Brene Brown
I frequently show Brene Brown’s short
cartoon video on empathy. My students like it. It’s clever and relatable. I
finally broke down and bought one of her books: Daring Leadership. It’s a more recent one so I guess I skipped
several earlier ones.
The book fascinates and frustrates me.
Her connectedness, honesty, and transparency—I guess what she would call
vulnerability—comes through in the books. There is a lot of wisdom there about
relationships and authenticity and other topics. It has challenged me to deal
with fears and “armors.” I want to keep reading, but in short bites. I’m not
sure what would happen to my brain if I tried to read a few chapters at once.
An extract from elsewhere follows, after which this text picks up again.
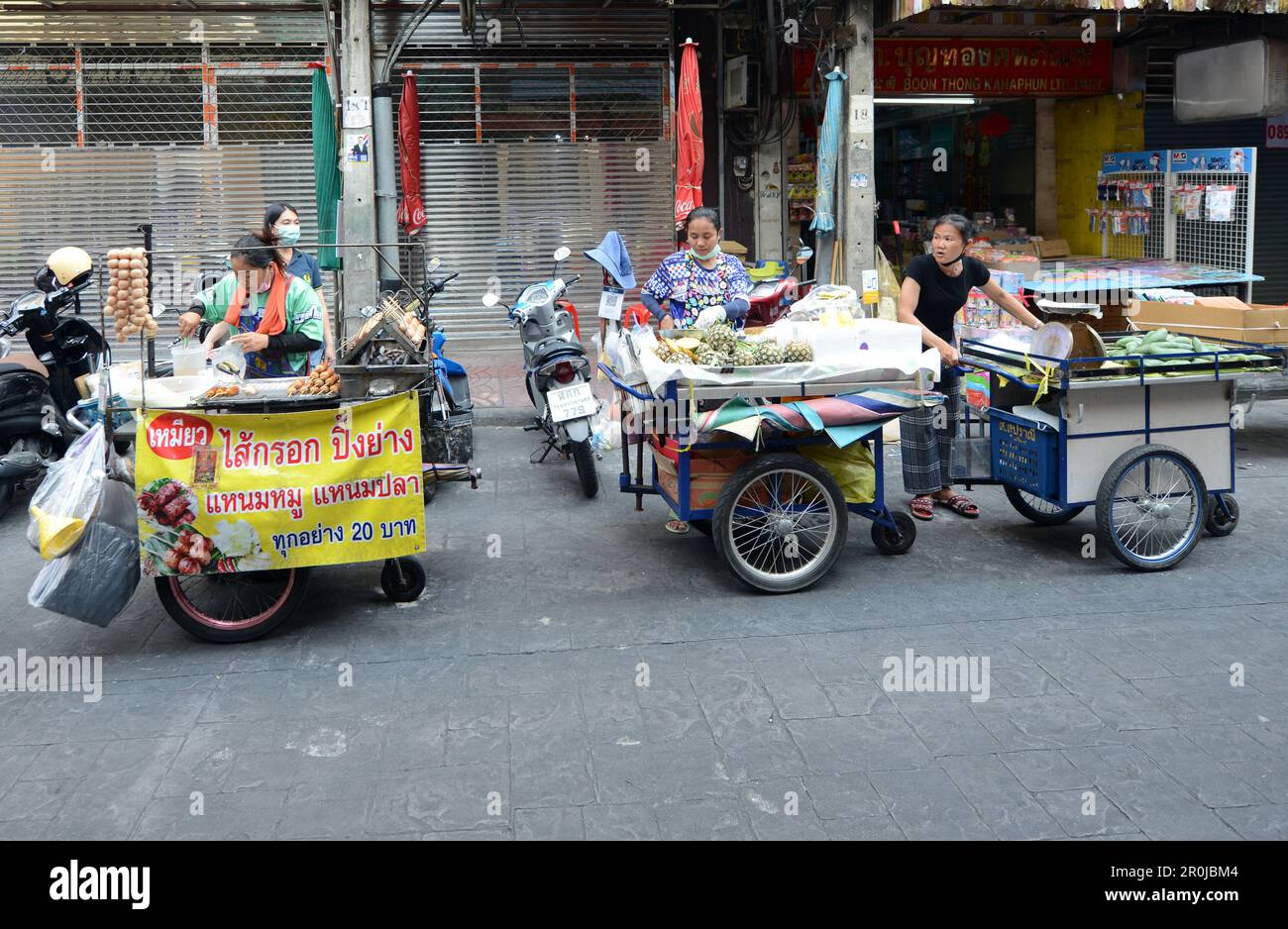 Vendeurs de cuisine de rue à Chinatown, Bangkok, Thaïlande. Banque D'Images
On the other hand, I have questions.
She keeps talking about her research.
Is this published anywhere? What is the methodology? What does she actually
research (I think it’s organizational leadership, which is what my Ed.D. is in)
but it seems more like humanistic psychology. And she owns a company, called ?
She holds a university position, but does she actually teach? Is it a
figurehead kind of thing, so the university can get the publicity, and they pay
her to do research (or is it funded by an outside agency and the university
allowed them to use it? When does she find all the time to do this?
She does say that she is a queen of
boundaries, and that is really the only way one can produce—to have very
definite and protected boundaries on one’s time. I’ve watched the MasterClass
on fiction writing by Joyce Carol Oates and that is one of her main pieces of
advice—the enemy of writing is distractions, not having boundaries, and not
protecting the ones you have.
There’s also a lot of pop psychology in the books, and for someone like me who
desires a theological basis for living, that’s not there at all. She speaks of
being grateful. I realize that in psychological literature, of which I’ve read
plenty, gratitude does not have to be directed at anyone to have mental health
benefits, but seriously, how can one have gratitude without a recipient of the
gratitude? Then it’s just an optimistic attitude.
Anyway, I’m not an acolyte, but I’m
definitely a little hooked on Brene Brown in a “what’s going on with her and
what is she saying?” kind of way, not a “wow, she’s great, I swallow it all
whole” kind of way. There are benefits and disadvantages to having a doctorate.